Однако время таких безнаказанных “проказ” кончалось.
Под новый, 1980, год эфир взорвался сенсацией: советские войска вошли в Афганистан. Весть эта повергла меня в оцепенение. Ближайшие последствия этой грубой ошибки наших правителей были совершенно ясны: разрядка окончилась. С учениками я поделился мрачными ожиданиями: теперь расправа надо мною недалека. Надо резко ускорить темпы работ, чтобы завершить, что успеем. Свою монографию, намеченную к изданию в Оксфорде, я отправил без последних глав (так она и вышла, но и то благо — вышла, когда я был уже в тюрьме).
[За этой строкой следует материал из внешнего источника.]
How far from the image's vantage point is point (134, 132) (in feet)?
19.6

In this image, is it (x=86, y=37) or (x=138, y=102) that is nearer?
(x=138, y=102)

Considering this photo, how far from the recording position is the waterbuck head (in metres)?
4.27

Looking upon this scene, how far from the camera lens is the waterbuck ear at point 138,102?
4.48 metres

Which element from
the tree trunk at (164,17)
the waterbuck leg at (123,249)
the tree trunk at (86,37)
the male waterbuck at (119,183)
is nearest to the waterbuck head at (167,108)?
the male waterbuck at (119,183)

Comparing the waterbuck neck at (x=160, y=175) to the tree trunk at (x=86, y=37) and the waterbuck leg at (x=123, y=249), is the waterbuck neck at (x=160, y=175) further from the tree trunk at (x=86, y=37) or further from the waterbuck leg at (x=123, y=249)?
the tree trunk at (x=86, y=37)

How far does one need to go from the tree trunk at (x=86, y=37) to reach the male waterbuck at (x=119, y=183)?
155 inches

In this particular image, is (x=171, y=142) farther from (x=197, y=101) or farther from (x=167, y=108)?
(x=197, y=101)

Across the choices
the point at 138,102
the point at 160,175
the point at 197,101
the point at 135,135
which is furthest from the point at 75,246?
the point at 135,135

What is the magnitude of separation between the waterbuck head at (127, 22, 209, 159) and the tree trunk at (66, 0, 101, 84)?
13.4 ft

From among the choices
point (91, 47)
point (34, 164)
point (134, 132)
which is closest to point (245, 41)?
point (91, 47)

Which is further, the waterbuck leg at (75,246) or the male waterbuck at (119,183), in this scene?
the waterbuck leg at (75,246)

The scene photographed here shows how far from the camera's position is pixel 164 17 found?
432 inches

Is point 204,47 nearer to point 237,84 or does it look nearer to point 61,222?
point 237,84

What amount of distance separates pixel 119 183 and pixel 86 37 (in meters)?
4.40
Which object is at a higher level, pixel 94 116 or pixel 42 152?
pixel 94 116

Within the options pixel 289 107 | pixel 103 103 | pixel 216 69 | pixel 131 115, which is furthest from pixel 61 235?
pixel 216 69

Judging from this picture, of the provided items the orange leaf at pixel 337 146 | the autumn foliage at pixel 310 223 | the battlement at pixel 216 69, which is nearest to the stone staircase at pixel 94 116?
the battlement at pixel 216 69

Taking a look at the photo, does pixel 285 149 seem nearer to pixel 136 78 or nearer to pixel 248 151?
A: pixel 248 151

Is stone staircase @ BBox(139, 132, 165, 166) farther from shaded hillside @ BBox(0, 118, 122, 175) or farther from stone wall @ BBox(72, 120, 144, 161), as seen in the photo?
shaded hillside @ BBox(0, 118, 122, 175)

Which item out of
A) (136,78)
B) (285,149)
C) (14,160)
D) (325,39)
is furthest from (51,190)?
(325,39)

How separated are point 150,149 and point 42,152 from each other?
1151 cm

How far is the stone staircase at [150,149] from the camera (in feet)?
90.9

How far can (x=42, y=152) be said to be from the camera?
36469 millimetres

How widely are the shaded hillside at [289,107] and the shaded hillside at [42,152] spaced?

Главы эти доделывал, чтобы дослать, если успею (не успел).
Обстановка на факультете тоже была гнетущая. Как-то зазвал меня к себе в кабинет бессменный секретарь партбюро доцент Марков, усадил за столик и спрашивает: “Что ты можешь сказать о своем новом студенте К.?” — “Пока ничего особенного. Он же новый, я еще не успел его узнать. Во всяком случае ничего плохого. А что?” — “Понимаешь, поступили сведения: участвует в тайных сборищах”. Я ошарашенно спросил: “Что, организация? Или оргии? Пьют?” Спросил и осекся: Марков сам пил нещадно. Но он не обратил внимания. “Кабы пили! Хуже — стихи читают!” — “Запрещенные стихи?” — “Пока нет. Но сегодня Тютчева, а завтра — Гумилева и Бродского… Ты вот что, организуй ему на сессии пару двоек по разным предметам, и тихо избавимся”. Я смотрел на него во все глаза и наконец не выдержал: “Да вы что, очумели все?! Уму непостижимо! Объясни мне, что вами всеми движет?” Марков перегнулся через стол и, приблизив свое худое темное лицо с глубоко запавшими глазами вплотную ко мне, прохрипел: “Хочешь знать — что? Я скажу тебе: страх! Страх!!!” По крайней мере, откровенно. Страх заразителен, но я отказался участвовать в акции. А студент все равно исчез из Университета.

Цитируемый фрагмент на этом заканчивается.